Vancouver and the Coast Mountain Range regions are the ancestral home of the Coast Salish people, including the Squamish, Lil'wat, Sto:lo, Musqueam, and Tsleil-Waututh First Nations bands.

Whistler specifically is home to two native cultures, the coastal Squamish Aboriginal people and the mountain Lil'wat Aboriginal people, whose ancestral territories overlap there. The Squamish Nation territory extends from North Vancouver through Squamish to Whistler. The Lil'wat Nation territory starts in Whistler and extends north to Pemberton to Mount Currie.
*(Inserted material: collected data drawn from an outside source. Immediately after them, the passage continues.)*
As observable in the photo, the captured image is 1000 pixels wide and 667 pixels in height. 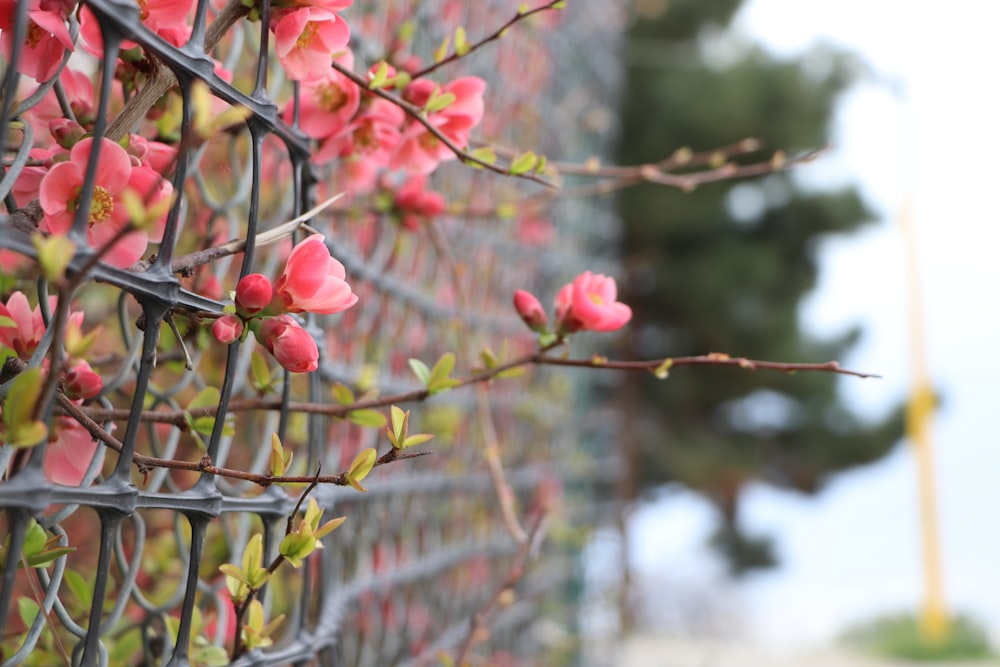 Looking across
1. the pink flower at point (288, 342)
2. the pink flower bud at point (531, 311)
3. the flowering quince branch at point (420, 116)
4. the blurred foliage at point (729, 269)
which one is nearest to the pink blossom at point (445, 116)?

The nations have traditionally lived together in peace, respecting the land.

Aboriginal culture in the area includes a rich heritage of music, drumming, dancing, and intricate artwork. The First Nations people also had distinct methods of hunting, fishing, and preserving food.

Whistler Discovery Tours is honoured to be able to offer a tour that highlights some of the local aboriginal culture, history, and archaeology.

The first British survey of the area took place in the 1860's. The surveyors named Whistler "London Mountain" due to the heavy fog that gathered in the area. Later, "London Mountain" became "Whistler," thanks to the call of marmots that make the mountains home.

The area attracted trappers, prospectors and loggers who established small camps and four mills in the area in the early 1900's.

In the 1900's, the Rainbow Lodge was built and completion of rail lines reduced the travel time from Vancouver to the Whistler area. The area gained a reputation as a vacation destination. In contrast to the enormous skiing and snowboarding industry in Whistler today, the area started as a primarily summer destination, offering boating, fishing and hiking.

Until the 1960's, the Whistler area was very quiet and even lacked basic infrastructure such as water, electricity, and a road to Vancouver. Then, in 1962, four Vancouver businessmen explored the area and eventually built a ski resort. The Garibaldi Lift Company was formed and in 1966, Whistler Mountain opened to the public. In the 1970's, the Whistler area was incorporated as a Resort Municipality.